Permutations

• Permutations are defined as the distinct arrangements of a collection of items where the sequence or position of each item matters. If changing the order of two items creates a new outcome, the scenario is a permutation.

• The Factorial operation, denoted by $n!$, is the foundation of permutation calculations. It represents the product of all positive integers from $n$ down to $1$, such as $4! = 4 \times 3 \times 2 \times 1 = 24$.

• For a set of $n$ unique objects, there are exactly $n!$ ways to arrange them in a row. This is because there are $n$ choices for the first position, $n-1$ for the second, and so on until only one object remains.

• A special case in factorial math is $0! = 1$. This is defined this way because there is exactly one way to arrange zero items: by doing nothing.

• The Fundamental Counting Principle states that if one event can occur in $p$ ways and a second event in $q$ ways, the total number of ways both can occur is $p \times q$. Permutations apply this principle by reducing the available choices by one for each subsequent position.

• When arranging a subset of $r$ items from a larger pool of $n$ items, the formula is derived by stopping the factorial multiplication after $r$ positions. This leads to the standard notation $^nP_r$.

The Permutation Formula: $^nP_r = \frac{n!}{(n-r)!}$

• This formula effectively 'cancels out' the arrangements of the items that were not chosen, leaving only the ordered arrangements of the $r$ selected items.

Items Together (The 'Stuck' Method)

• When specific items must remain adjacent, treat the group of items as a single super-object. Calculate the permutations of the remaining items plus this one super-object.

• Crucially, you must then multiply by the internal permutations of the items within that group. For example, if 3 people must sit together, they can be arranged in $3!$ ways among themselves while moving as a unit.

Items Separated (The 'Gap' Method)

• To ensure items are never adjacent, first arrange the unrestricted items in a row. This creates 'gaps' between them, including the spaces at the very beginning and the very end.

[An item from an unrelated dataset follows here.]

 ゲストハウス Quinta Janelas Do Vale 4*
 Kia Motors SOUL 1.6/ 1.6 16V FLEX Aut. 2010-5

• If there are $k$ unrestricted items, there are $k+1$ available gaps. Use the $^nP_r$ formula to place the restricted items into these gaps, ensuring no two restricted items can ever touch.

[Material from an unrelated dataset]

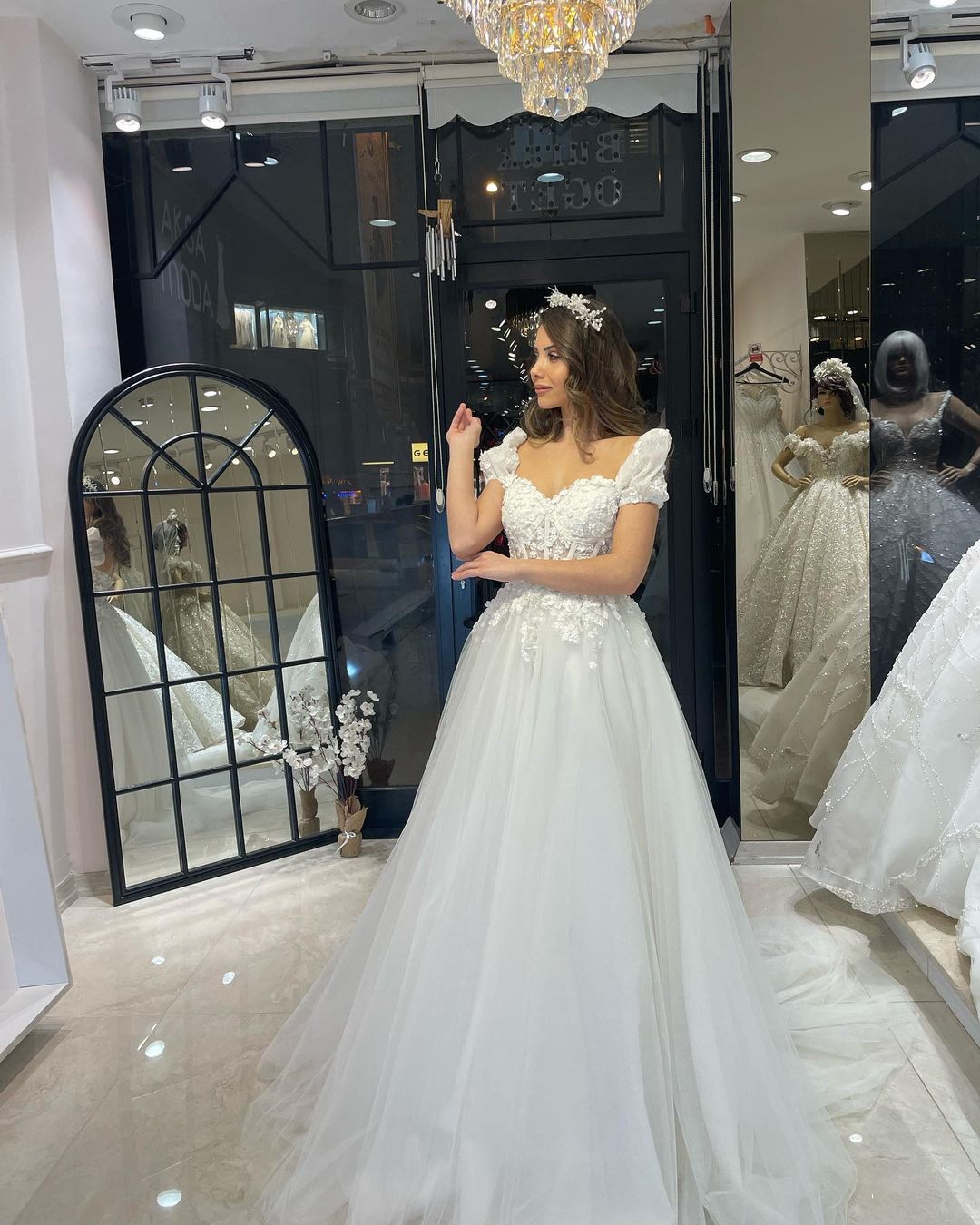 Elegant Floor-Length Sweetheart Short Sleeves A-Line Tulle Wedding Dress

• The primary difference between permutations and combinations is the relevance of order. In permutations, 'ABC' and 'CBA' are two different outcomes; in combinations, they are considered the same group.

• Use permutations when the position confers a specific role (e.g., President vs. Vice President) and combinations when the roles are identical (e.g., two members of a committee).

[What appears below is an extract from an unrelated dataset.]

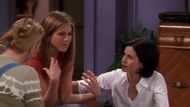 Rachel shares her feelings with Monica and Phoebe (Image Via YouTube/@Friends)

• Identify the 'Repeaters': Always scan the problem for identical items (like letters in a word). Forgetting to divide by the factorial of repeats is the most common way to lose marks.

• The 'At Least' Trap: If a question asks for 'at least' two items together, it is often easier to calculate the complement. Subtract the cases where 'none are together' from the 'total possible arrangements'.

• Slot Method: For complex constraints, draw physical slots (lines) on your paper. Fill the restricted slots first to see how many options remain for the unrestricted positions.

• Sanity Check: Permutation numbers grow extremely fast. If you are arranging 10 items and get a small number like 100, re-check if you should be using factorials ($10!$ is over 3.6 million).